Geschrieben am 31. März 2009 von für Crimemag, Kolumnen und Themen

KOPFSCHUSS N° 7 von Uta-Maria Heim

Sprachlos

Ausgerechnet der verzärtelte Held eines literatur-literarischen Anti-Krimis führt uns an Abgründe, zu denen der Kriminalroman selten vordringt. Uta-Maria Heim über Wilhelm Genazinos Das Glück in glücksfernen Zeiten.

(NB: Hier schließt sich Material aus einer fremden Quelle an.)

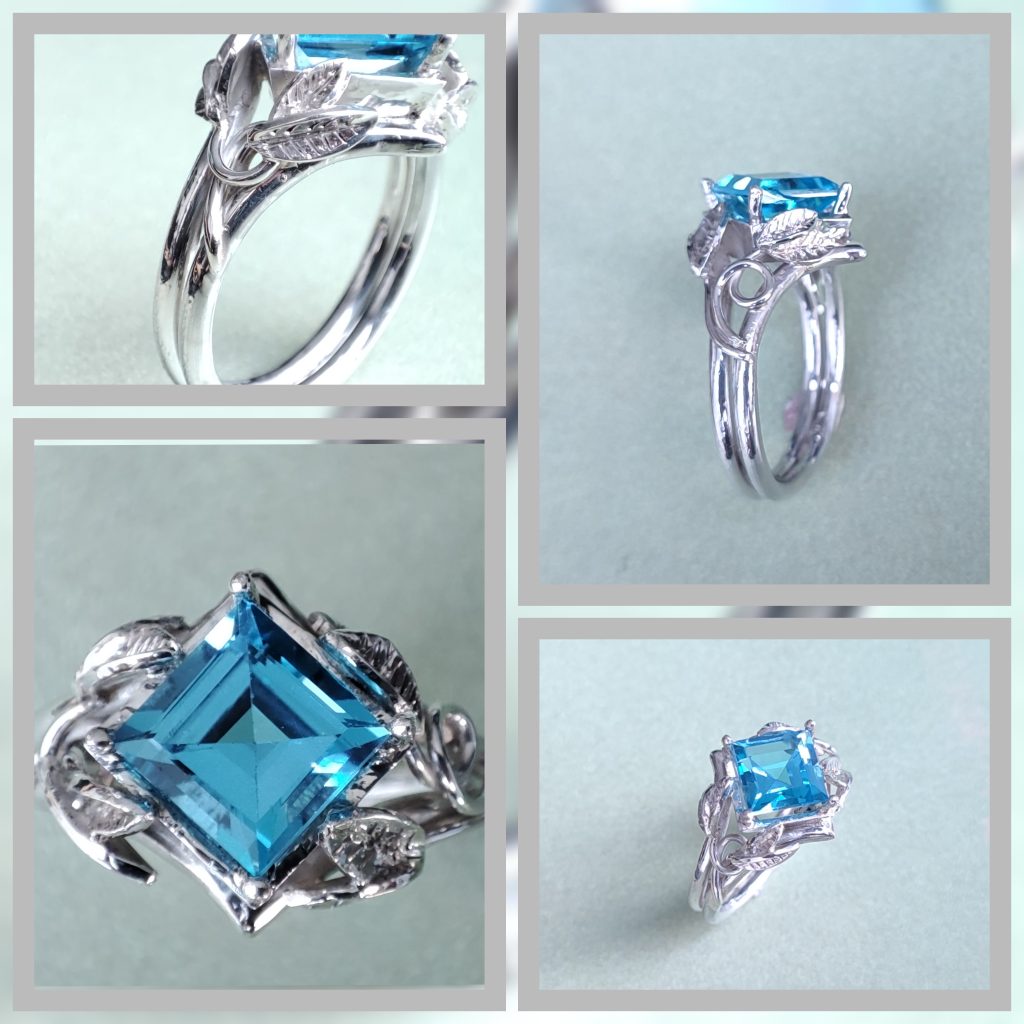 Blue Topaz Silver Vine ring set with square cut topaz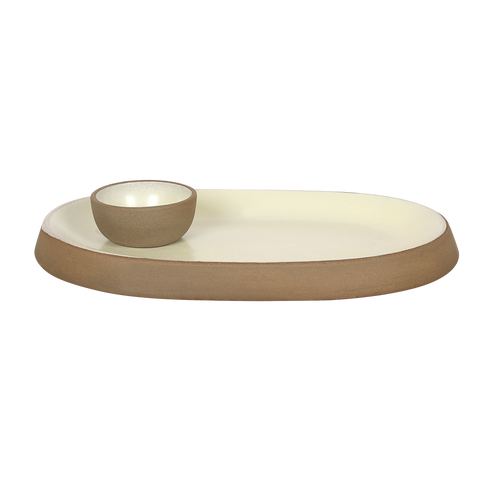 Makrey Red Clay Oblong Platter with Attached Dip Bowl – 10" Collar Rim | Ivory Matt Glaze | Handcrafted Ceramic Serving Set | Appetizer, Chaat & Dip Platter for Restaurant & Home Dining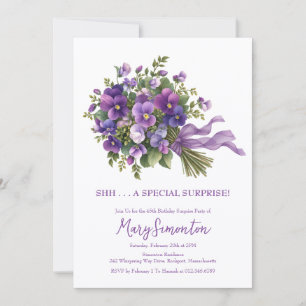 Invitación Sorpresa de cumpleaños número 45 con ramo floral p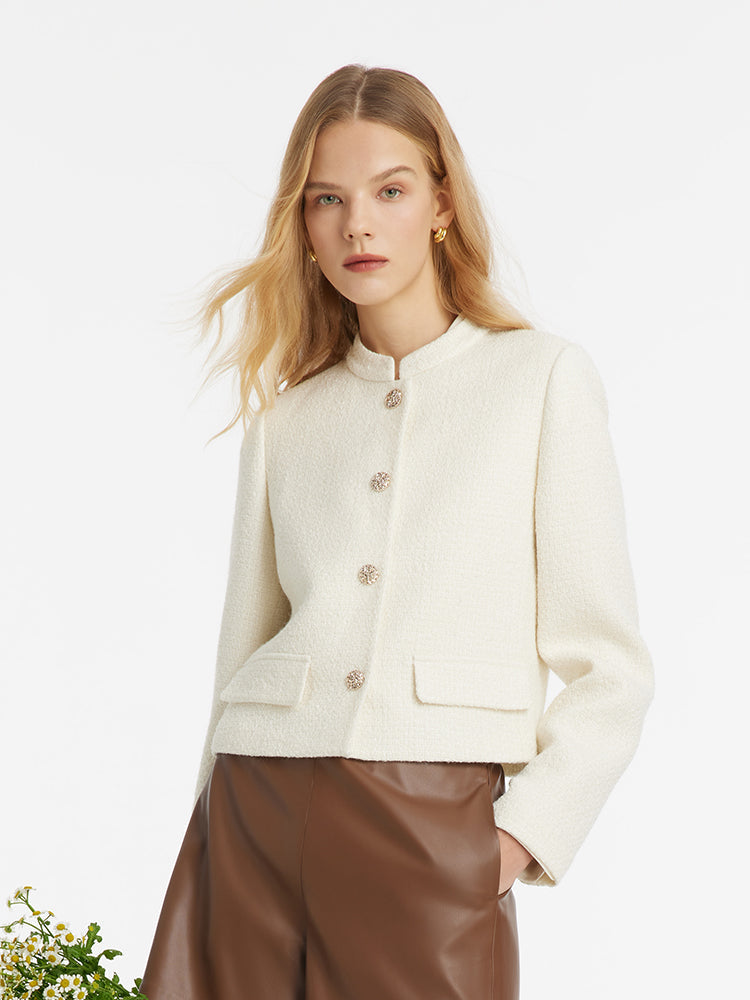 Goelia Women's Wool Blend Stand Collar Single-Breasted Women Jacket For Work And Daily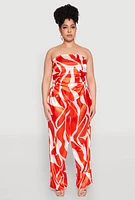 Womens Plus Size Satin Scarf Print Tube Top, Orange, Size 2X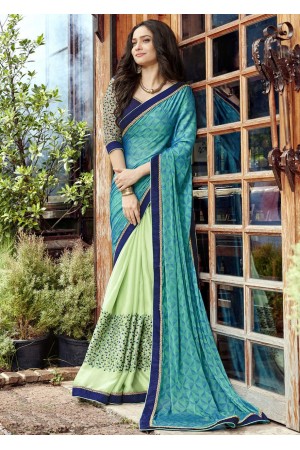 Green Faux Georgette Embroidered Festive Saree 97073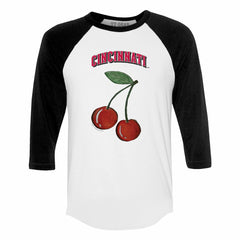 Cincinnati Reds Tiny Turnip Women's Cherries 3/4-Sleeve Raglan Baseball T-Shirt - MLB T-shirts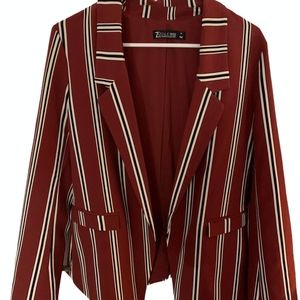 New York And Company Stripe Burnt Orange Blazer M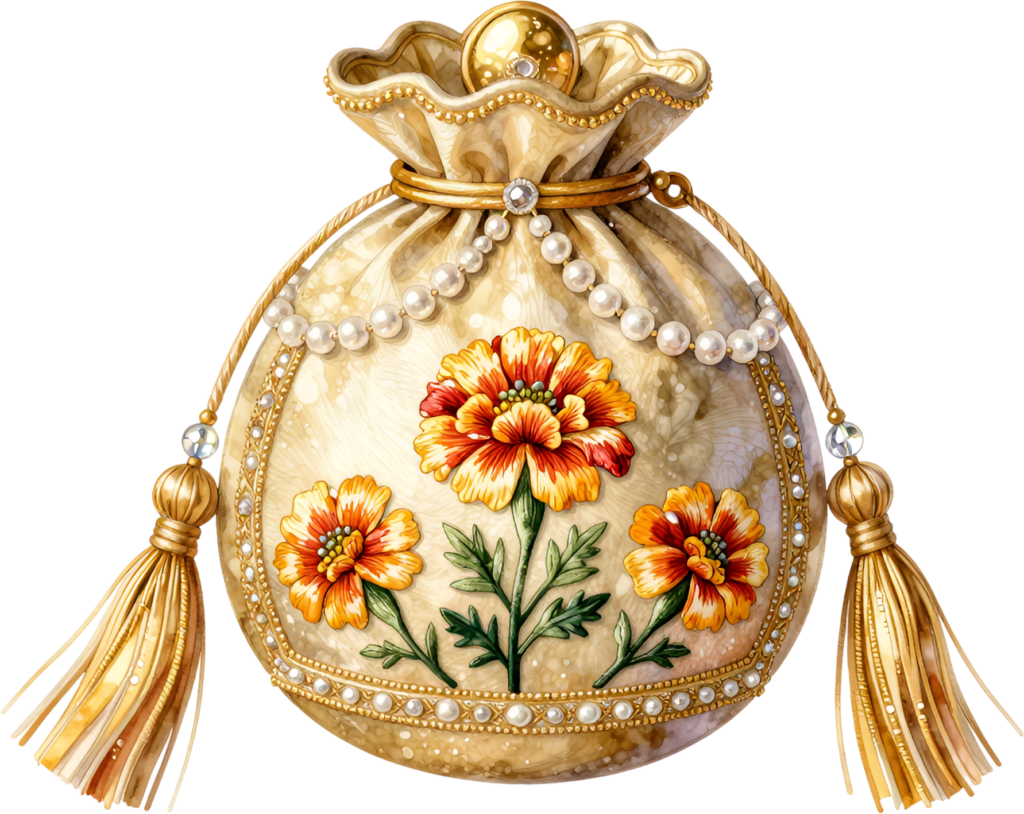 For festive designs, select this charming Potli Bag, an ivory delight showcasing cheerful marigold flowers and sparkling crystal accents, a delightful Wedding Bag PNG illustration.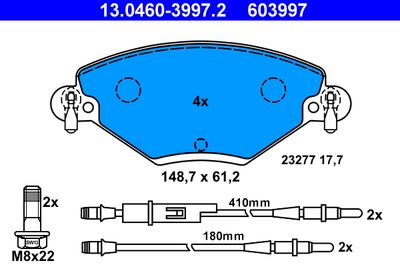 Brake Pad Set, disc brake ATE 13.0460-3997.2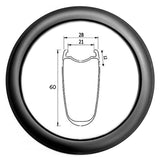 R21-60 rim brake road bike 21mm internal width 60mm deep clincher carbon rim - 560g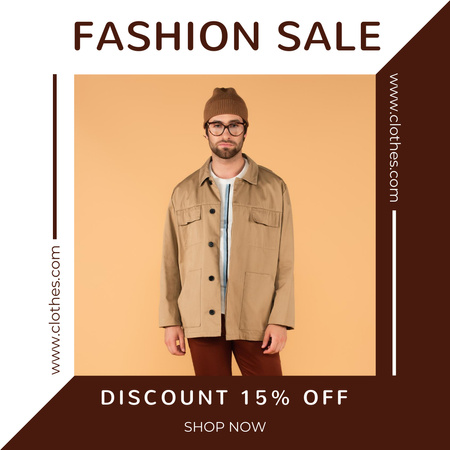 Casual Male Fashion Sale Offer At Lowered Costs With Eyewear Instagram Design Template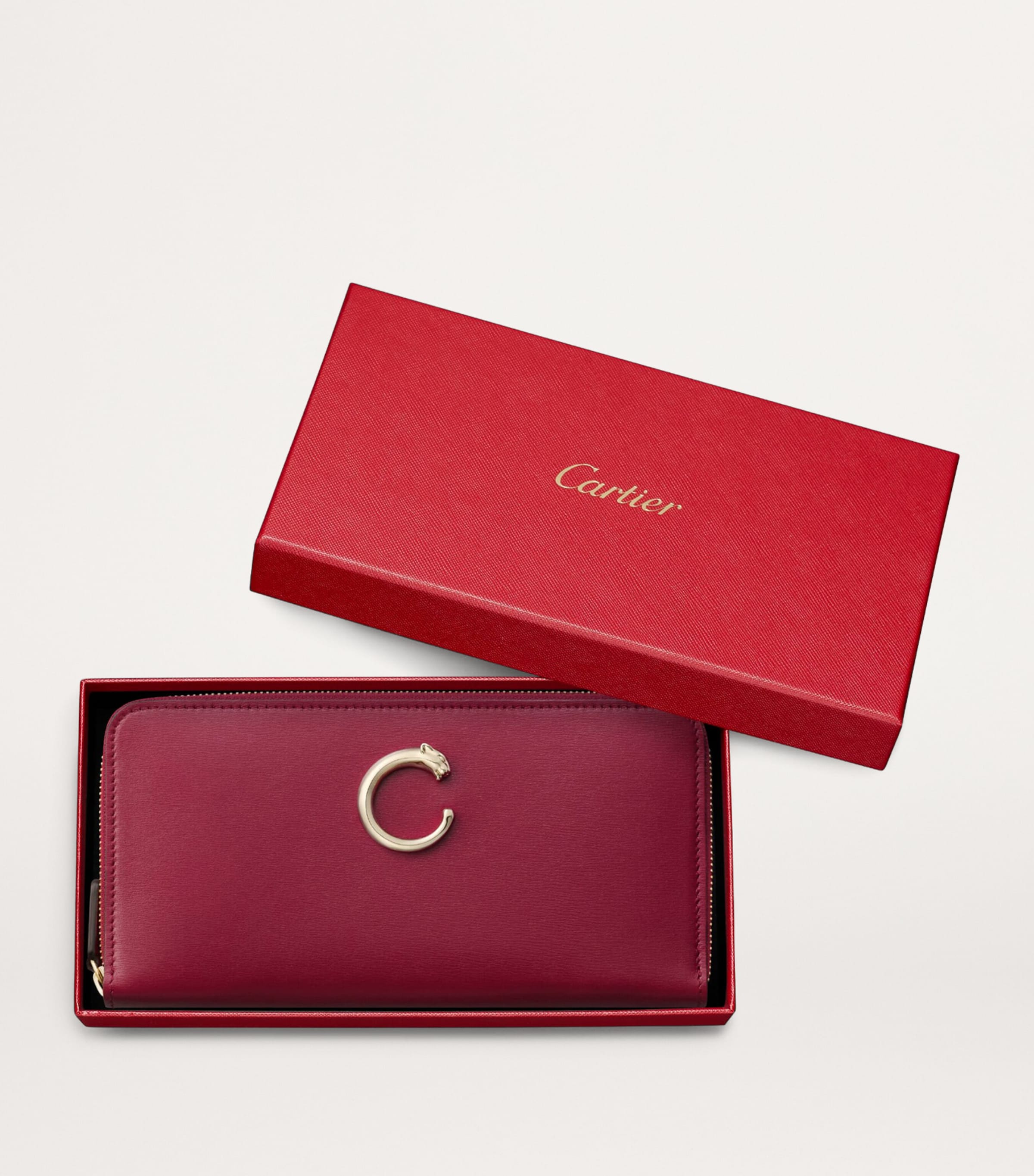 Calfskin Panthère de Cartier Wallet CHERRY RED Image 4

„Ich möchte gute, aufstrebende, meinetwegen einfältige Menschen anschauen, um von meiner inneren Überempfindlichkeit loszukommen. Stattdessen erblicke ich diese angeschlagenen Untergeher, die meine Empfindlichkeit nur aufreizen. Manchmal (jetzt gerade wieder) stelle ich mir vor, ich würde an einer plötzlich hereinbrechenden Überempfindlichkeit sogar sterben. Ein Notarzt würde herbeieilen und könnte nur noch meinen Tod feststellen. Als Todesursache würde er in den Totenschein eintragen: Überempfindlichkeit. Auf diese Todesursache wäre ich sogar als Toter noch stolz.“
Wilhelm Genazino: Das Glück in glücksfernen Zeiten

Ein Amoklauf macht uns sprachlos. Warum nur, warum? Warum tut einer so was? Wie muss man sich die Psyche eines Amokläufers vorstellen? Die Kriminalliteratur gibt darauf keine überzeugende Antwort, weil ein Amokläufer erst bei seiner Tat dazu wird. Bis dahin ist er ein unauffälliger Einzelgänger, womöglich ein Langweiler, der wenig erlebt, aber dieses Wenige in wahnhafter Weise auf sich selber bezieht. Der spätere Amokläufer erträgt die Ereignislosigkeit seines durchschnittlichen Lebens offenbar nur, indem er allem, was ihm zustößt, eine auf ihn selbst gerichtete Bedeutung verleiht. Die Aktionen der Außenwelt dienen grundsätzlich dazu, ihn zu verletzen. Er wird gemobbt. Ein potenzieller Amokläufer ist notorisch dauergekränkt, chronisch isoliert und absolut wehrlos. Wer da an Kafka denkt, liegt richtig. Allerdings fehlt einem Opfer wie Josef K., der sich am Ende mit einem Fleischermesser erstechen lässt, das nötige Aggressionstalent.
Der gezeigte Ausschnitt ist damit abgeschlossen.